We configure it to start migrations for the default schema from the db/migration/default
directory,
and then iterate over all tenants and start migrations for each of them from the db/migration/tenants
directory.
@Configuration
public class FlywayConfig {
@Bean
public Flyway flyway(DataSource dataSource) {
Flyway flyway = Flyway.configure()
.locations("db/migration/default")
.dataSource(dataSource)
.schemas(TenantIdentifierResolver.DEFAULT_TENANT)
.load();
flyway.migrate();
return flyway;
}
@Bean
CommandLineRunner commandLineRunner(UserRepository repository, DataSource dataSource) {
return args -> {
repository.findAll().forEach(user -> {
String tenant = user.getUsername();
Flyway flyway = Flyway.configure()
.locations("db/migration/tenants")
.dataSource(dataSource)
.schemas(tenant)
.load();
flyway.migrate();
});
};
}
}
Next, we will create the necessary migrations in the appropriate directories:
-- db/migration/default/V1__init_schema.sql
CREATE TABLE user
(
id BIGINT AUTO_INCREMENT,
username VARCHAR(255) UNIQUE,
password VARCHAR(255)
);
-- db/migration/tenants/V1__init_schema.sql
CREATE TABLE note
(
id BIGINT AUTO_INCREMENT,
text TEXT
);
We also create a service for programmatically creating a scheme for new tenants and performing all relevant migrations:
@Component
public class TenantService {
private DataSource dataSource;
public TenantService(DataSource dataSource) {
this.dataSource = dataSource;
}
public void initDatabase(String schema) {
Flyway flyway = Flyway.configure()
.locations("db/migration/tenants")
.dataSource(dataSource)
.schemas(schema)
.load();
flyway.migrate();
}
}
Finally, we update our user service and make it initiate the creation of a schema for new users:
@Service
public class UserService implements UserDetailsService {
// ...
@Transactional
public User createUser(User user) {
String encodedPassword = encoder.encode(user.getPassword());
user.setPassword(encodedPassword);
User saved = repository.save(user);
tenantService.initDatabase(user.getUsername());
return saved;
}
}
3. Test
Now we can run our application and test it. We start by creating multiple users:
> curl -X POST -H "Content-Type: application/json" -d "{\"username\":\"john\",\"password\":\"password\"}" http://localhost:8080/users
{"id":1,"username":"john"}
> curl -X POST -H "Content-Type: application/json" -d "{\"username\":\"jane\",\"password\":\"qwerty123\"}" http://localhost:8080/users
{"id":2,"username":"jane"}
We create a note using John’s credentials:
> curl -u john:password -X POST -H "Content-Type: application/json" -d "{\"text\":\"Hello from John!\"}" http://localhost:8080/notes
{"id":1,"text":"Hello from John!"}
Then we also create a note using Jane’s credentials:
> curl -u jane:qwerty123 -X POST -H "Content-Type: application/json" -d "{\"text\":\"Hello from Jane!\"}" http://localhost:8080/notes
{"id":1,"text":"Hello from Jane!"}
We can notice that the generated note ID is the same because notes were stored in separate tables in schemas specific to the tenant.

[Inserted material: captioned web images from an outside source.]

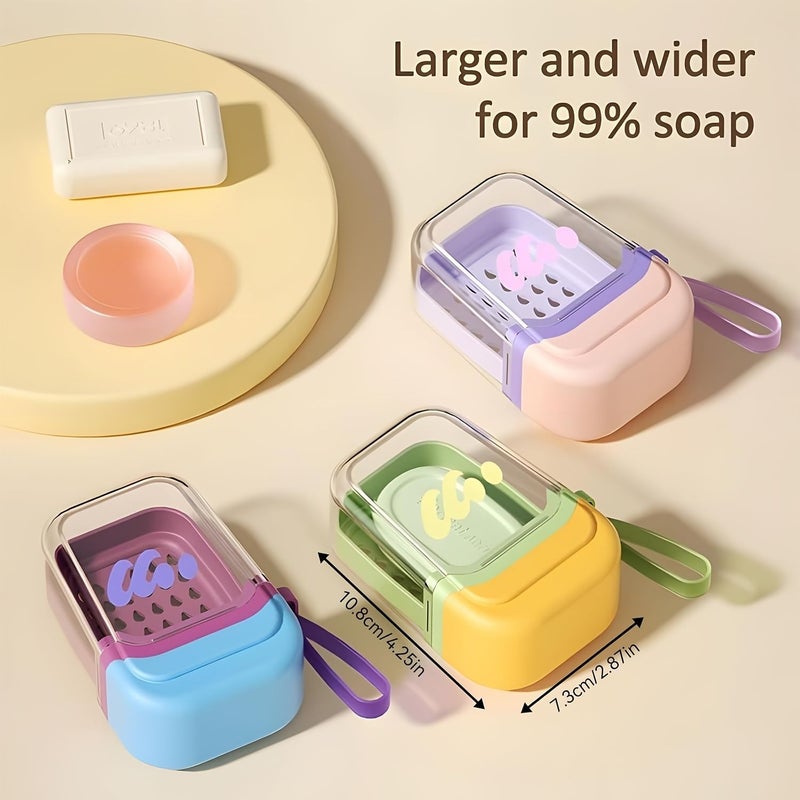 Green Breathable Travel Soap Box Portable Leak Proof Toiletries Storage Organizer for Fitness Bathroom - Image 1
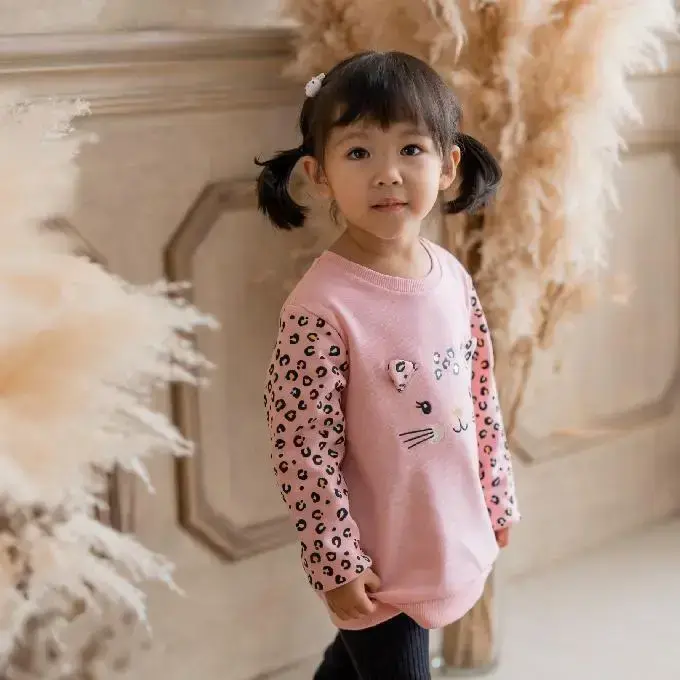 【Little Me】豹紋小貓上衣/長褲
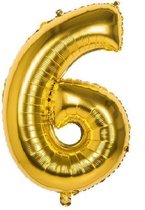6 Jaar Folie Ballonnen Goud - Happy Birthday - Foil Balloon - Versiering - Verjaardag - Jongen / Meisje - Feest - Inclusief Opblaas Stokje & Clip - XXL - 115 cm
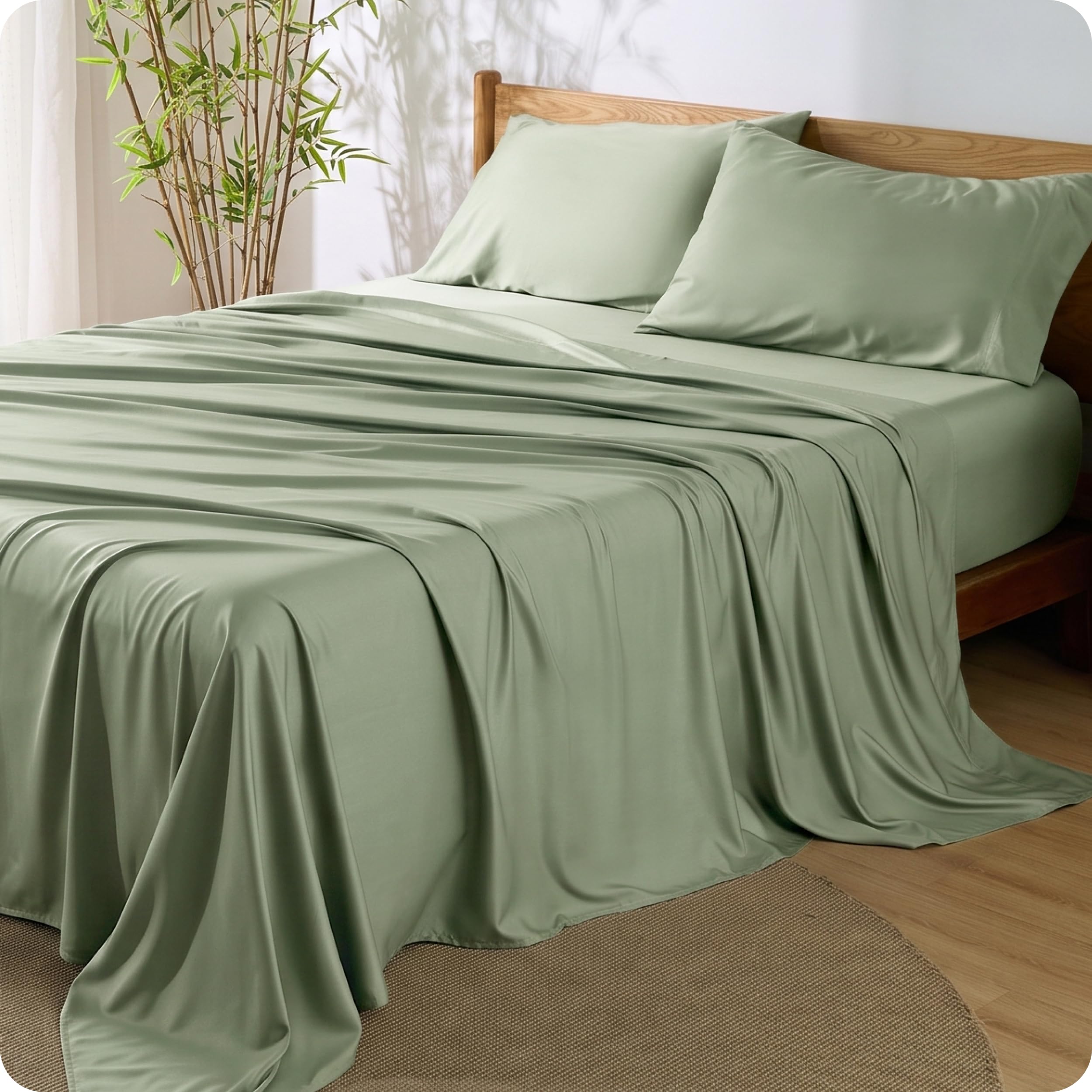 Bedsure PureWoven 100% Rayon Derived from Bamboo, Full Size Sheets, 4 PCS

Finally, we will request all notes using the credentials of one of the users and make sure that we only get notes belonging to this user:
> curl -u jane:qwerty123 http://localhost:8080/notes
[{"id":1,"text":"Hello from Jane!"}]
Also, to make sure that everything works as we intended, we can go to http://localhost:8080/h2-console and use the H2 console, access to which we opened earlier.
4. Conclusion
Schema-based multi-tenancy provides the best balance between performance, tenant isolation, development complexity, and infrastructure cost. However, when choosing a multi-tenancy strategy, you should always consider the level of security that your tenants will require and indicate the level of data isolation that you provide in the Service-Level Agreement: either full or partial. Besides, sharing resources in a schema-based approach can make SLA compliance difficult, as one tenant performing resource-intensive tasks can cause latency spikes for everyone else.
Full source code can be found on GitHub.